[[ RECORDS FOR THE EXERCISE open ]]
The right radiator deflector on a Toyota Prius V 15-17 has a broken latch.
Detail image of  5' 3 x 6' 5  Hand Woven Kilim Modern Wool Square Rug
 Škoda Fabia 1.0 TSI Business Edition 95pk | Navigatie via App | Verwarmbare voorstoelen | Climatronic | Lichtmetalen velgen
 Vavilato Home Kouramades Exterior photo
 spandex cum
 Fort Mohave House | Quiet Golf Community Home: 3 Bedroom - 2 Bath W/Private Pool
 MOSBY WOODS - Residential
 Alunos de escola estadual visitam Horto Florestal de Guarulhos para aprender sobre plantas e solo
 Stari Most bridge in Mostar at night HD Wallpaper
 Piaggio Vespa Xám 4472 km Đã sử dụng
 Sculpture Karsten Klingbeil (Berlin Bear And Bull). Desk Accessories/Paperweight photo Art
[[ RECORDS FOR THE EXERCISE closed ]]
* TASK OBJECTIVE: Return exactly the run of lines that opens with the one containing "Vavilato Home Kouramades Exterior photo" and closes with the last line of the records above.

* EXERCISE ANSWER:
 Vavilato Home Kouramades Exterior photo
 spandex cum
 Fort Mohave House | Quiet Golf Community Home: 3 Bedroom - 2 Bath W/Private Pool
 MOSBY WOODS - Residential
 Alunos de escola estadual visitam Horto Florestal de Guarulhos para aprender sobre plantas e solo
 Stari Most bridge in Mostar at night HD Wallpaper
 Piaggio Vespa Xám 4472 km Đã sử dụng
 Sculpture Karsten Klingbeil (Berlin Bear And Bull). Desk Accessories/Paperweight photo Art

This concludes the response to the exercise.